On Tue, Mar 12, 2019 at 16:13:20 +0100, Michal Privoznik wrote:
https://bugzilla.redhat.com/show_bug.cgi?id=1623389
If a device is detached twice from the same domain the following
race condition may happen:
1) The first DetachDevice() call will issue "device_del" on qemu
monitor, but since the DEVICE_DELETED event did not arrive in
time, the API ends claiming "Device detach request sent
successfully".
2) The second DetachDevice() therefore still find the device in
the domain and thus proceeds to detaching it again. It calls
EnterMonitor() and qemuMonitorSend() trying to issue "device_del"

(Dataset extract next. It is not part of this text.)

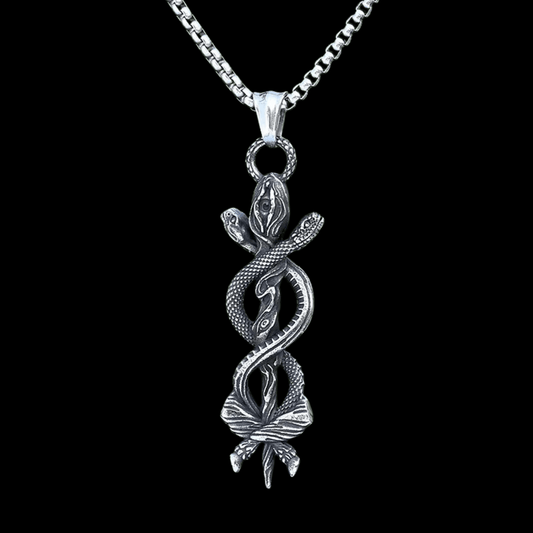 Serpent Ascension Relic Pendant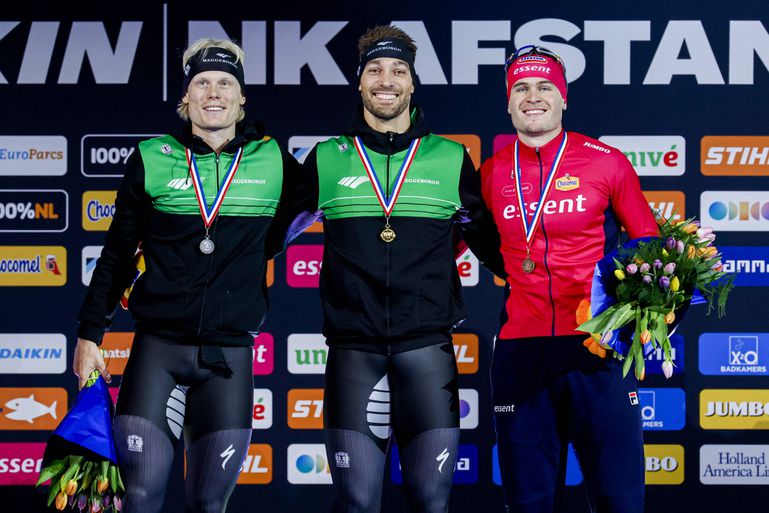 Schaatsveteraan Kjeld Nuis ziet 'jonge honden' naderen: 'Ik heb heel erg geluk met mijn lijf'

command again. This gets both domain lock and monitor lock
released.
3) At this point, qemu sends us the DEVICE_DELETED event which is
going to be handled by the event loop which ends up calling
qemuDomainSignalDeviceRemoval() to determine who is going to
remove the device from domain definition. Whether it is the
caller that marked the device for removal or whether it is going
to be the event processing thread.
4) Because the device was marked for removal,
qemuDomainSignalDeviceRemoval() returns true, which means the
event is to be processed by the thread that has marked the device
for removal (and is currently still trying to issue "device_del"
command)
5) The thread finally issues the "device_del" command, which
fails (obviously) and therefore it calls
qemuDomainResetDeviceRemoval() to reset the device marking and
quits immediately after, NOT removing any device from the domain
definition.
At this point, the device is still present in the domain
definition but doesn't exist in qemu anymore. Worse, there is no
way to remove it from the domain definition.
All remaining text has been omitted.